§ **Information**
_ _ _ _

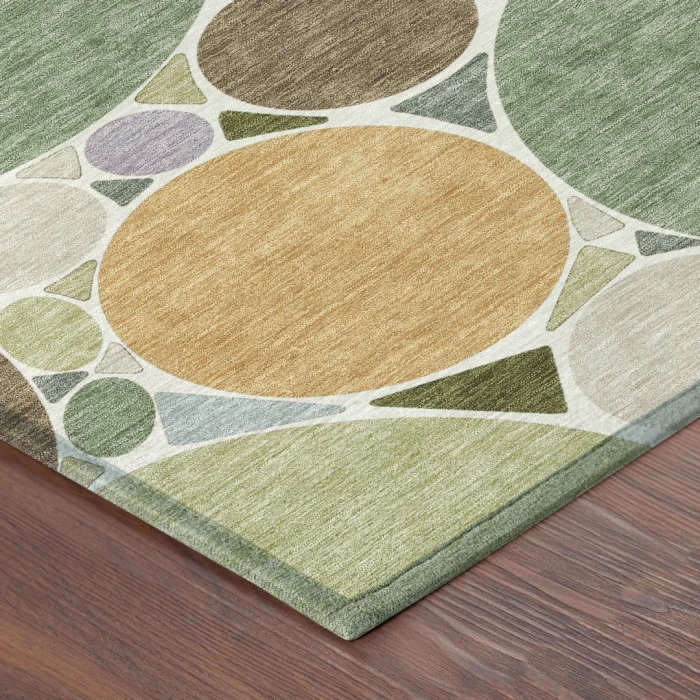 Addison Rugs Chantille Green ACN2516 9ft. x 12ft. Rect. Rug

_ _ _ _

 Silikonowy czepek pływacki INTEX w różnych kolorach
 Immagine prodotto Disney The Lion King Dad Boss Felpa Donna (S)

_ _ _ _

Copy, exactly and only, the lines above that begin with the one containing "Silikonowy czepek pływacki" and finish with the one containing "Immagine prodotto Disney".

 Silikonowy czepek pływacki INTEX w różnych kolorach
 Immagine prodotto Disney The Lion King Dad Boss Felpa Donna (S)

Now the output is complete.